THE LOW WORK FUNCTION TETHER

Electrodynamic Tether (ET) history started in 1960, when Beard and Johnson discussed drag on a conductive spacecraft moving across a geomagnetic field B. As shown by our logo and acronym, the ET, i.e. a long conductor, is PACKaged in a reel on-board the spacecraft. Once activated, it is deployed along the local vertical where the gravity gradient keeps it taut. In the frame of the ET orbiting at velocity vrel, there is a motional electric field Em = vrel×B in the faraway plasma. As corroborated by NASA PMG mission, the field Em drives a steady current I along the ET and the Lorentz force I×B appears. In Low Earth Orbit (LEO), Lorentz force is a drag that produces the re-entry (deorbit) of the spacecraft while giving power for on-board use (generator mode). Neither propellant nor power supply are needed. If equipped with a power supply that reverses the natural direction of the current (given by Em), then the spacecraft is re-boosted (thruster mode). ETs are reversible devices that convert orbital into electrical energy and vice versa. The standard concept around 1990 was NASA tethered satellite system TSS-1, i.e. a 20-km insulated wire exchanging current at cathodic and anodic ends by using an active electron emitter (EM) and a big spherical conductor for anode (left panel in the Fig. 1). Several key developments in the following 25 years transformed old ETs into LWTs, that are more robust, simple and efficient.

First, the bare tether concept with EM (ET+EM) was introduced in 1993 [Sanmartin J., et al, J. Propulsion and Power, 1993]. The wire was left bare of insulation with no big end sphere. Electrons were captured by the ET itself and emitted back to the plasma by an active EM (middle panel in Fig. 1). A bare tether demonstration flight (ProSEDS) was prepared and qualified by NASA for flight in 2003, but it was cancelled following the Shuttle Columbia accident. A second revolution happened in 2012 when the cross-fertilization of ideas among partners in the FP7 project named BETs yielded the thermionic tether concept: if coated with a thermionic material that has a low work-function (loosely bound electrons), the tether itself emits electrons to the plasma passively and no active element would be needed (Williams J., et al IEEE Trans. Plasma Science, 2012). Few years later, it was pointed out that the photoelectric effect can be an important electron emission mechanism for coated tethers and the term Low Work-function Tether (LWT) was coined [Sanchez-Arriaga G and X. Chen, J. Propulsion and Power, 2018]. In a LWT, a steady current is reached in the tether without any active element: a tether segment captures electron passively as a giant Langmuir probe and the complementary segment emits them back to the plasma through the thermionic and photoelectric effects (right panel in Fig. 1).

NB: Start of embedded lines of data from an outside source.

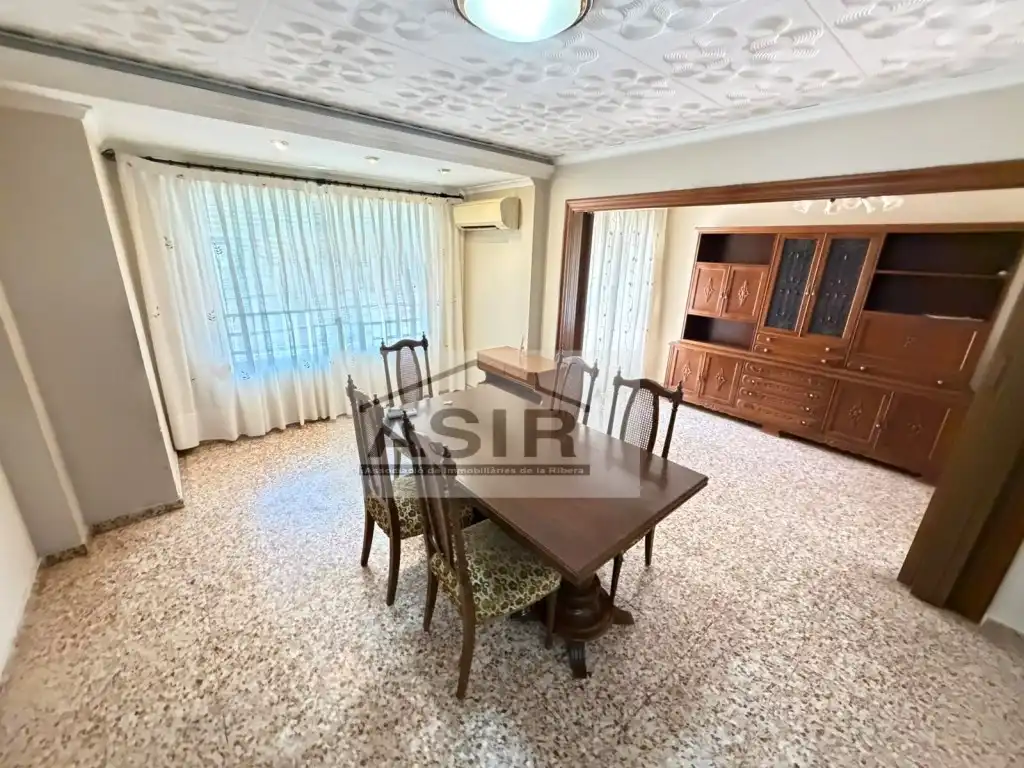 Comedor de Piso en venta en Alzira con Balcón
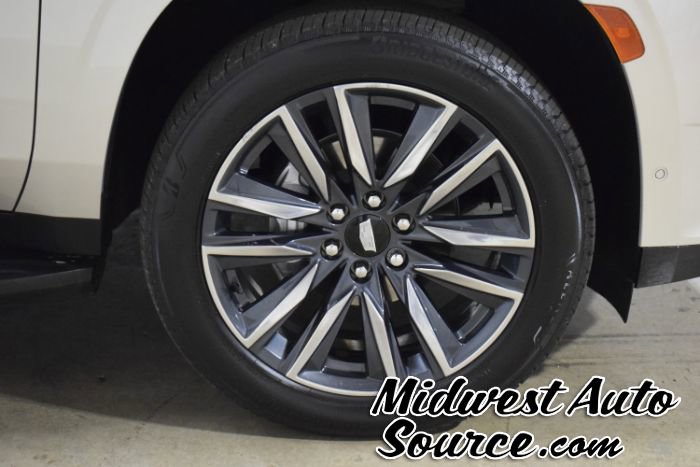 Used 2023 Cadillac Escalade ESV Sport w/ LPO, Illumination Package image 9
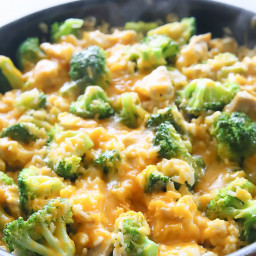 One-Pan Cheesy Chicken, Broccoli, and Rice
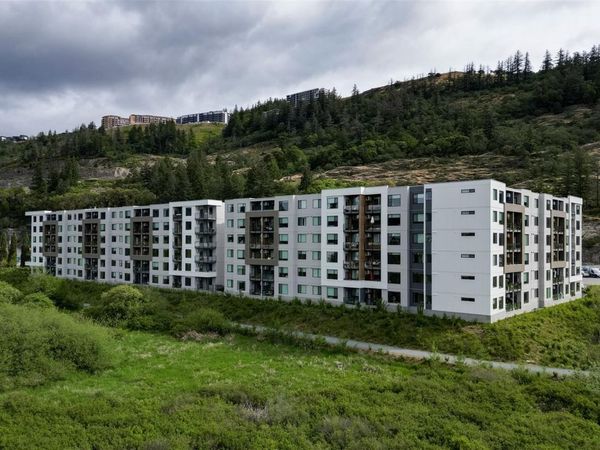 1361 Goldstream Ave , Unit 211, Langford, BC V9B 7B4
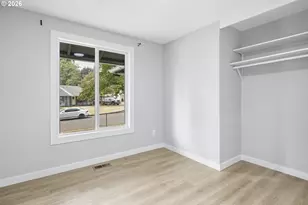2013 NE Roberts Ct, Gresham, OR 97030 - Photo 27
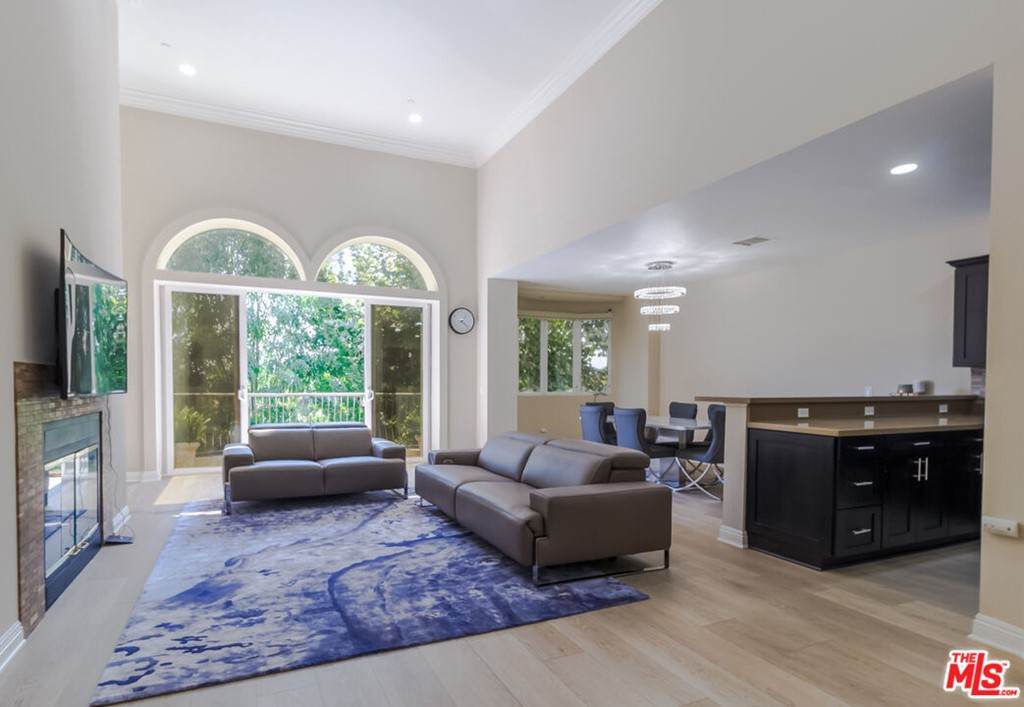 4848 Wilshire Boulevard - Photo 1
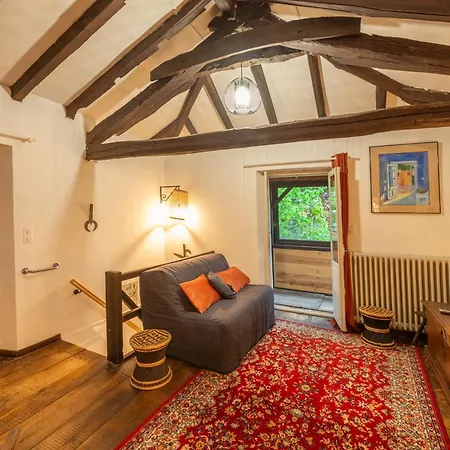 Maison Rustique Indépendant, Avec Jardin, Idéal Familles, Proche Centre De Hébergement de vacances Figeac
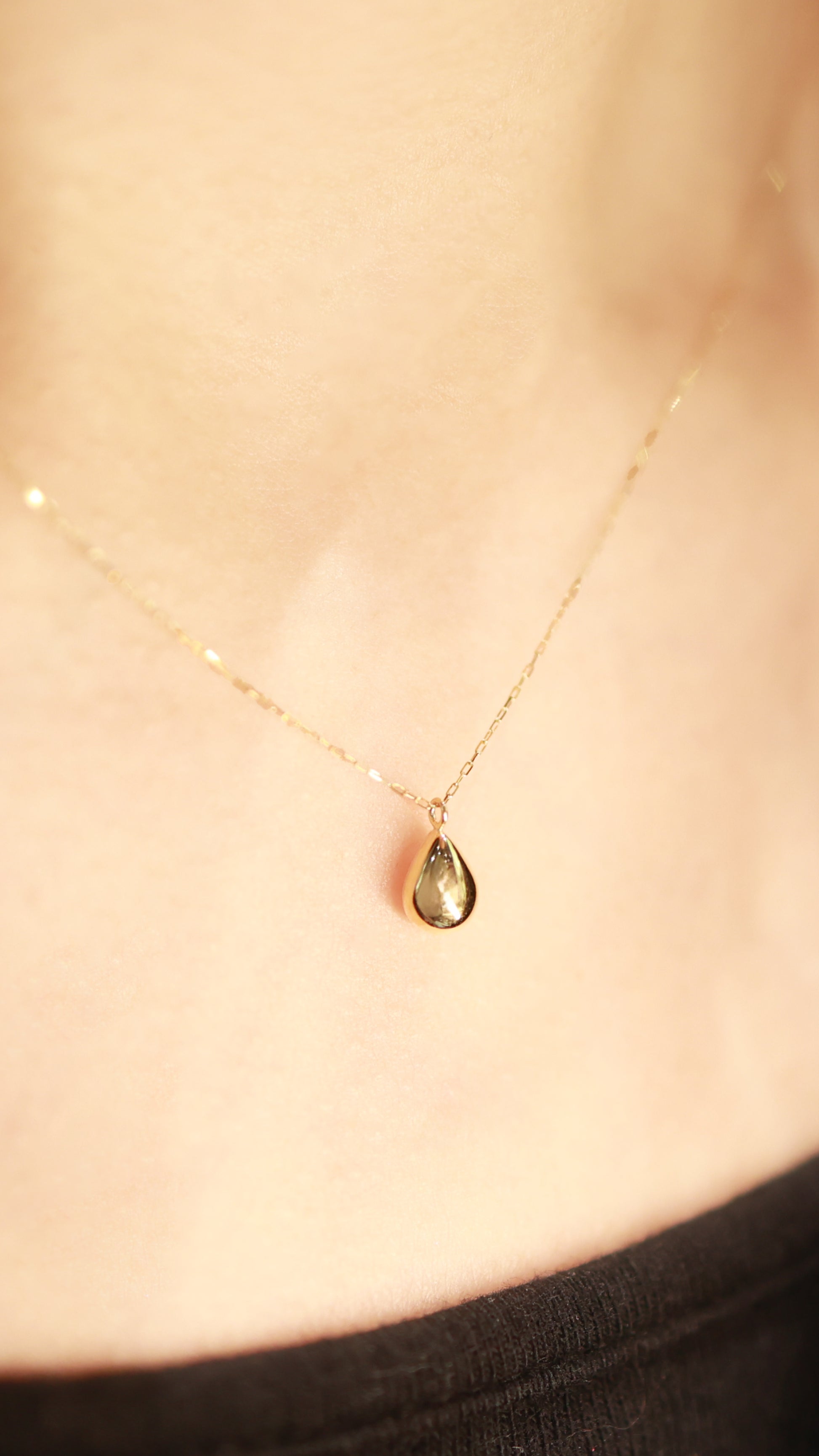 Watery 18KY Necklace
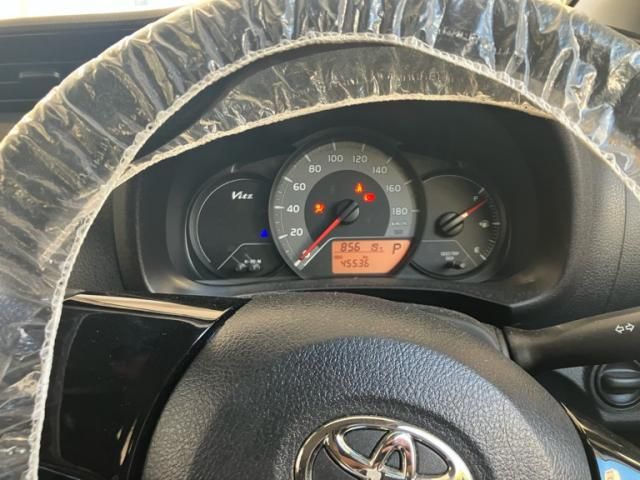TOYOTA VITZ 2018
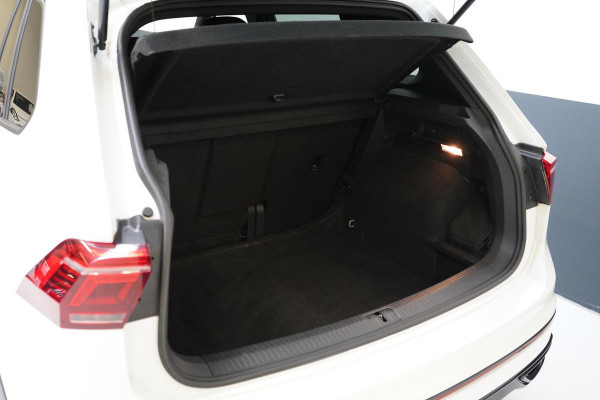 Volkswagen Tiguan 1.5 TSI 150pk R-Line | Carplay | Sfeerverlichting | Blind-Spot | Zwart optiek | Adaptive cruise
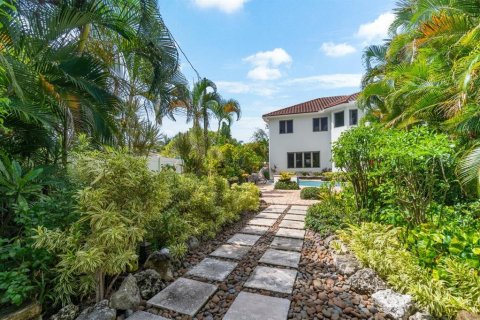 Casa en venta en Fort Lauderdale, Florida, 4 dormitorios, 389.26 m2 № 636735 - foto 13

Besides this trip towards simplicity and efficiency on current collection and emission, ETs have been also favoured dramatically by moving from the old (round) wires to thin tapes because the latter hold multiple advantages. Tapes are much more efficient collecting and emitting current, exhibit an excellent survivability in the orbital debris environment and, its three dimensions (length, width and thickness) allow scalability over a broad spacecraft mass ranges and orbit conditions. As a consequence, state-of-the-art ETs are much shorter (from hundreds of meters to a few kilometres), robust, and deorbit faster (typically within few months) than old round tethers.